Gao Yuan, Zhang Li-rong, Fu Qiang
Department of Pharmacology, School of Medicine, Zhengzhou University, Zhengzhou, China.
Eur J Clin Pharmacol. 2008 Sep;64(9):877-82. doi: 10.1007/s00228-008-0502-x. Epub 2008 Jun 5.
Our aim was to observe the impact of CYP3A4*1G genetic polymorphism on lipid-lowering efficacy of statins.
We studied 217 unrelated hyperlipidemic patients who prospectively received atorvastatin and 199 patients who received simvastatin as a single-agent therapy (20 mg day(-1) p.o.) for 4 weeks. Genotyping of CYP3A4*1G was conducted by a polymerase chain reaction-restriction fragment length polymorphism (PCR-RFLP) analysis. Serum triglyceride (TG), total cholesterol (TC), low-density lipoprotein cholesterol (LDL-C), and high-density lipoprotein cholesterol (HDL-C) levels were determined before and after treatment by enzymatic assays.
The frequency of CYP3A4*1G in Chinese hyperlipidemic patients was 0.276. After atorvastatin treatment, the mean percentage reduction in serum TC was 16.8 +/- 3.3% (*1/*1), 17.8 +/- 3.8% (*1/*1G), and 20.9 +/- 5.0% (1G/1G), respectively. The CYP3A41G polymorphism had a gene-dose-dependent effect on percentage reduction in serum TC (P < 0.01). Conversely, there was no significant association between lipid-lowering efficacy of simvastatin and CYP3A41G polymorphism.
Carrying CYP3A4*1G increase the lipid-lowering efficacy of atorvastatin and may have no significant effect on simvastatin treatment.
我们的目的是观察CYP3A4*1G基因多态性对他汀类药物降脂疗效的影响。
我们研究了217例前瞻性接受阿托伐他汀治疗的无亲缘关系的高脂血症患者和199例接受辛伐他汀单药治疗(口服20毫克/天)4周的患者。通过聚合酶链反应-限制性片段长度多态性(PCR-RFLP)分析对CYP3A4*1G进行基因分型。治疗前后通过酶法测定血清甘油三酯(TG)、总胆固醇(TC)、低密度脂蛋白胆固醇(LDL-C)和高密度脂蛋白胆固醇(HDL-C)水平。

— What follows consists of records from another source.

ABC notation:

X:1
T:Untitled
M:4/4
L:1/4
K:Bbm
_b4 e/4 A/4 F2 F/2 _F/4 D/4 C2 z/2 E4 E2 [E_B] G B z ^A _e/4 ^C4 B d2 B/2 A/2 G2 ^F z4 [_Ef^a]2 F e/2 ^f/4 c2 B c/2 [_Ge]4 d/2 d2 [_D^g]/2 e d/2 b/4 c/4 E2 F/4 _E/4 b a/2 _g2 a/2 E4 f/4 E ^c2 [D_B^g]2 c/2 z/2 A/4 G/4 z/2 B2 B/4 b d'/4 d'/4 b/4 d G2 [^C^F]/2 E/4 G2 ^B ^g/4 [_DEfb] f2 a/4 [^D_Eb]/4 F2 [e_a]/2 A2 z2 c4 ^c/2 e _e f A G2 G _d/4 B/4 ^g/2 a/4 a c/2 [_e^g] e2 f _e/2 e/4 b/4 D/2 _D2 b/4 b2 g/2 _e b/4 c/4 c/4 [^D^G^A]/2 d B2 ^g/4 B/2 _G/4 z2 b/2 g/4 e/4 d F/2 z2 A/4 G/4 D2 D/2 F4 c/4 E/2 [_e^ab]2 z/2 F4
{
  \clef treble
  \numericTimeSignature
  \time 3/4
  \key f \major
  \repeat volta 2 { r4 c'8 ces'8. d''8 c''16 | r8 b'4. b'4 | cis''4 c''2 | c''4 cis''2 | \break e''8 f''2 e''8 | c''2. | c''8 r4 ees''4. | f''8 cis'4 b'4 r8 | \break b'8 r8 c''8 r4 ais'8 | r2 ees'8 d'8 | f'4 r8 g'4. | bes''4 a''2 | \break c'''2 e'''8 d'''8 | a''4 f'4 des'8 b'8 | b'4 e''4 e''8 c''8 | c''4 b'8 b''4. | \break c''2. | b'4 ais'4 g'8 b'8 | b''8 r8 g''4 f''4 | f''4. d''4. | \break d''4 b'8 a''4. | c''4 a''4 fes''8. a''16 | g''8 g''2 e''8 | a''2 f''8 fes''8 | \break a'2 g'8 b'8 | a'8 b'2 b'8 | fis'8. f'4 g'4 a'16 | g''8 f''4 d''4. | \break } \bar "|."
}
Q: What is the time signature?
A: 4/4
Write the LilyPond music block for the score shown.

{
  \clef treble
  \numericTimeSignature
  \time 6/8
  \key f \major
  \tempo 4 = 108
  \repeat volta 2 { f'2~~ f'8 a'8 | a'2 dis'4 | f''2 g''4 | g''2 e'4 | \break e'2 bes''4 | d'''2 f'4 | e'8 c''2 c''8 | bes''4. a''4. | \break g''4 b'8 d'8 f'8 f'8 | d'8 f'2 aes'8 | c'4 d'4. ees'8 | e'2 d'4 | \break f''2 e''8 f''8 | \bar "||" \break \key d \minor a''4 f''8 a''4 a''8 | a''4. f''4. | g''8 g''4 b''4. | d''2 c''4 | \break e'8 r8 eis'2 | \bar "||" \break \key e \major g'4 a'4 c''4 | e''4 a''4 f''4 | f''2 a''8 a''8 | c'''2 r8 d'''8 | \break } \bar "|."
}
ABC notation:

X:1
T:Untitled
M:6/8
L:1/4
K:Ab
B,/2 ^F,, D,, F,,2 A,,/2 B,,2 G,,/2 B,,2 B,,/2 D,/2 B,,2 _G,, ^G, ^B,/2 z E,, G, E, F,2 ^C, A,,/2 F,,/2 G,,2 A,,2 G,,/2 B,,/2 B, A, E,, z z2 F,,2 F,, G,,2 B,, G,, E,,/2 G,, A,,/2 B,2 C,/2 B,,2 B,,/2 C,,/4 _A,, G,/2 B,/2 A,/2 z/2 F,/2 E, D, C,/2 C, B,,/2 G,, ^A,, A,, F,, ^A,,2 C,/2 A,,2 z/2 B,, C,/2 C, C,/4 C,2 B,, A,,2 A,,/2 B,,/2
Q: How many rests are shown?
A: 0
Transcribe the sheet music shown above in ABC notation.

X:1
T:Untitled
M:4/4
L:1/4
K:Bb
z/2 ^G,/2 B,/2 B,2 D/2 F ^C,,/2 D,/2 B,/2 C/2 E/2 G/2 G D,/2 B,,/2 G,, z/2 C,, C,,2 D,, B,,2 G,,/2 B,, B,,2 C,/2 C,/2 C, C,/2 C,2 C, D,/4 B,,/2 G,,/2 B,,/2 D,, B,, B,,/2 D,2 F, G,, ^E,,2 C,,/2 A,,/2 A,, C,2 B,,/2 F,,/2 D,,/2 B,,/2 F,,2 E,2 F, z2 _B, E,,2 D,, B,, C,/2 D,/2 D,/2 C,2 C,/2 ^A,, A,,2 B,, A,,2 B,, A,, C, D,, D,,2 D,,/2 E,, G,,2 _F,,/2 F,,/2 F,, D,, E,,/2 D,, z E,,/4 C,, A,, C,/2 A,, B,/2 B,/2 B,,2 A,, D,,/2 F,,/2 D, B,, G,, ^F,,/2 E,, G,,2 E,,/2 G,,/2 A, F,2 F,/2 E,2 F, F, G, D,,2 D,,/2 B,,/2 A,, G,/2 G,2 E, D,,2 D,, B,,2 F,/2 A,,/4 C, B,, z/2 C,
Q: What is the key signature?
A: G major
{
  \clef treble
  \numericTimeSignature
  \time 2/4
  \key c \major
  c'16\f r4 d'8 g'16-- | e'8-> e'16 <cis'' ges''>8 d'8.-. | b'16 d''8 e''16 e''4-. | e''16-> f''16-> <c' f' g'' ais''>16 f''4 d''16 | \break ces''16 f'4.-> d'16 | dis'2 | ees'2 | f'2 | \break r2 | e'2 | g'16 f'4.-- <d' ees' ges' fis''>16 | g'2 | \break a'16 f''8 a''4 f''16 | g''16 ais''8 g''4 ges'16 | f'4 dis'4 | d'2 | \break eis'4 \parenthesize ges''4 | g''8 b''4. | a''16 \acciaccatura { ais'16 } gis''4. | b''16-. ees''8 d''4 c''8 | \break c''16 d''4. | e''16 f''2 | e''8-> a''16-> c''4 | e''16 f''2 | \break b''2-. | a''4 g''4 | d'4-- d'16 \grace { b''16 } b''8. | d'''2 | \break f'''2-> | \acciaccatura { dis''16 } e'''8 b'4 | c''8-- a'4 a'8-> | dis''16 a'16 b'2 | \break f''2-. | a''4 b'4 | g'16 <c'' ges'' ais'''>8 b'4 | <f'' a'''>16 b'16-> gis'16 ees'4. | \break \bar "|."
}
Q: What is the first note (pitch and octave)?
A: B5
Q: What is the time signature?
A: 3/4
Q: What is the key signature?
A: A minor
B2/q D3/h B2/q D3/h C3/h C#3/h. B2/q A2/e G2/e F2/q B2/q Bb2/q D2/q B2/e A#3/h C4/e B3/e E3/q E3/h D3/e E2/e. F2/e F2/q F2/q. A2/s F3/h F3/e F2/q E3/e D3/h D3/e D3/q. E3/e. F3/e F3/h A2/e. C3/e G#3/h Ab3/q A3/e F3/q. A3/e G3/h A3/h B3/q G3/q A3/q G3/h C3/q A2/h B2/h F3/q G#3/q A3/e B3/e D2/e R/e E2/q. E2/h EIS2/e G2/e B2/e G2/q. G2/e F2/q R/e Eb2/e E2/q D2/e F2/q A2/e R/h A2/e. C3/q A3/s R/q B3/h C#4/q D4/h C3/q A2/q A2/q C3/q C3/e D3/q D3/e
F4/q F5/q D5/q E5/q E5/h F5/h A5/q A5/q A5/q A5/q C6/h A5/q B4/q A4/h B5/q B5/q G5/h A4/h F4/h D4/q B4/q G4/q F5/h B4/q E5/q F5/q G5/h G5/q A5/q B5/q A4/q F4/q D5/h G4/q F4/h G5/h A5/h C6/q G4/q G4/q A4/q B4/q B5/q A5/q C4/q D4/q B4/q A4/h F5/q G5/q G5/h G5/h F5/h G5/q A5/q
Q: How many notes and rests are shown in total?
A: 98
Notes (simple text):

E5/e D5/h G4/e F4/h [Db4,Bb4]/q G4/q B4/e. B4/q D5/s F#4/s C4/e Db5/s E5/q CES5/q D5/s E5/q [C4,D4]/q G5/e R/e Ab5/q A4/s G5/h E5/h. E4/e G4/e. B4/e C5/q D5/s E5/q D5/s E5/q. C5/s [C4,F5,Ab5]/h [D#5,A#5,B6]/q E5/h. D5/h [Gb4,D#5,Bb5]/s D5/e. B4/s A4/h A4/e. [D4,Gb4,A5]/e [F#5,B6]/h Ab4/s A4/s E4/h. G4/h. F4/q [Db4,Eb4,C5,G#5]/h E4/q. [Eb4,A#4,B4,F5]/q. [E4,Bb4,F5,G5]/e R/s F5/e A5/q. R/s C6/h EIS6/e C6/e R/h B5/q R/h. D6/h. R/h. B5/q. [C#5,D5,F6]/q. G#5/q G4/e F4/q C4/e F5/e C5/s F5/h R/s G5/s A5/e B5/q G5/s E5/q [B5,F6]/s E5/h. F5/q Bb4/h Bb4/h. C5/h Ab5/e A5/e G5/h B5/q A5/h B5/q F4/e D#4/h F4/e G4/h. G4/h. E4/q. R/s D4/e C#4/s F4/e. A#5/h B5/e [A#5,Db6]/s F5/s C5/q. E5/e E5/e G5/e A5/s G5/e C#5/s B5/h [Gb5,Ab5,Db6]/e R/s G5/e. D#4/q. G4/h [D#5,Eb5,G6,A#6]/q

中国高脂血症患者中CYP3A4*1G的频率为0.276。阿托伐他汀治疗后,血清TC的平均降低百分比分别为16.8±3.3%(*1/*1)、17.8±3.8%(*1/*1G)和20.9±5.0%(1G/1G)。CYP3A41G多态性对血清TC降低百分比有基因剂量依赖性影响(P<0.01)。相反,辛伐他汀的降脂疗效与CYP3A41G多态性之间无显著关联。
携带CYP3A4*1G可提高阿托伐他汀的降脂疗效,对辛伐他汀治疗可能无显著影响。